Il est révélateur de se pencher sur un aspect non abordé dans le dossier et de considérer l'évolution des rapports entre Montréal et les écrivains francophones — d'où cet éditorial émaillé de citations littéraires (ou presque!). Rien qu’entre 1885 et 1985, on compte plus de 600 romans dont l'action se passe, en tout ou en partie, à Montréal. D'abord, Montréal fait une apparition timide dans les textes de la fin du 19e siècle, marquée de crainte et d'attirance face à cette ville moderne naissante. Puis, au début des années 1940, les auteurs considèrent presque tous la ville comme étant «disparue», car ne leur appartenant pas en totalité, et se tournent vers son passé. Après un creux dans les années 1950, la décennie suivante questionne la ville : une revue comme Parti Pris en fait le lieu d'aliénation des Québécois, la ville-symbole des divisions géographiques, sociales et linguistiques. Mais en même temps s'élabore une relation étroite entre la littérature et la ville, une «double naissance». À partir des années 1960 et 1970, l'expérience de Montréal se vit comme lieu de l'autre, des autres, alors que la période est animée par les questions d'identité nationale. Le rapport du littéraire avec Montréal se modifie finalement dans les années 1980 et 1990, pour en arriver à construire un Montréal inventé, singulier – espace ouvert à la fiction –, pour en arriver à se l’approprier.

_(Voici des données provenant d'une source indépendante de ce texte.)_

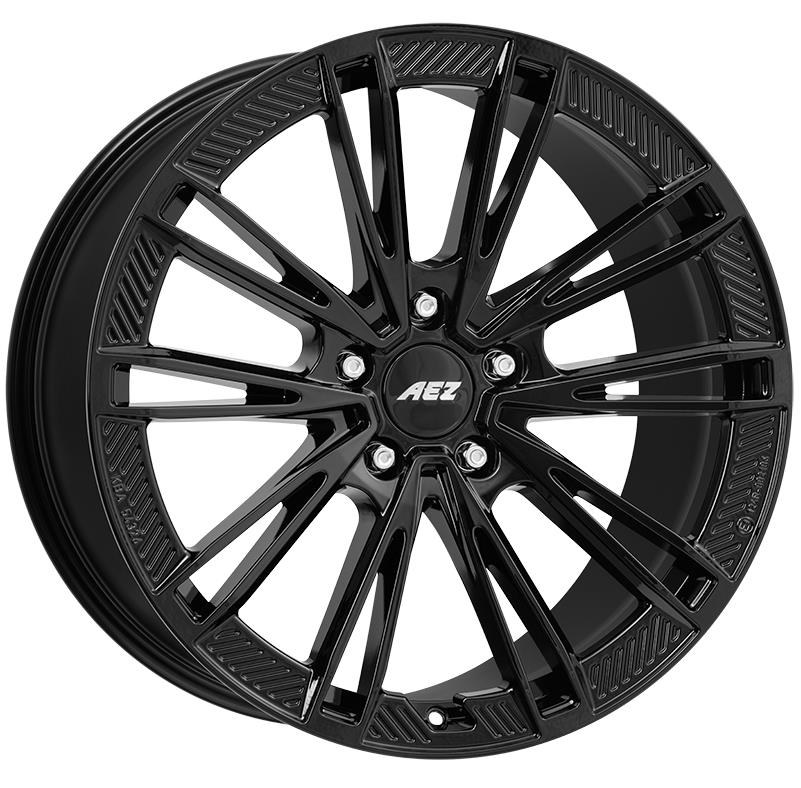 AEZ Alaska 9.5×21 5x130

« Aucune ville ne survit sans le commenté fébrile, l'appétit ou la mélancolie de ses poètes, sans l'émergence de l'écriture. Littérature, voilà le fin mot qui fait exister une ville (7). »

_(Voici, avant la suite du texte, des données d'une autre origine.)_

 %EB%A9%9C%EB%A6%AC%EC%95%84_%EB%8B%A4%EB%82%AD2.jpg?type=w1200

À quand l’appropriation totale de ses conditions de vie ?

NOTES:

(1) François Hébert, «Montréal» (1989) reparu dans Montréal en prose. 1892-1992, présenté par Nathalie Fredette, Montréal, Éditions de l'Hexagone, 1992, p. 496.
(2) Propos de Bernard Landry, 11 mai 2000.
(3) Michèle Lalonde, «Montréal-in-Montreal» (1979) reparu dans Montréal en prose, p. 444-445.
(4) Daniel Gagnon, «Ô ma pauvre ville!», dans Montréal des écrivains, Montréal, Éditions Typo et UNEQ, 1988, p. 101.
(5) Marie-Claire Blais, «Montréal contemporain» (1978), reparu dans Montréal en prose, p. 470.
(6) Claude Beausoleil, «Sans fin Montréal», Montréal des écrivains, p. 18.
(7) Nicole Brossard, «Aura d'une ville», Montréal des écrivains, p. 42.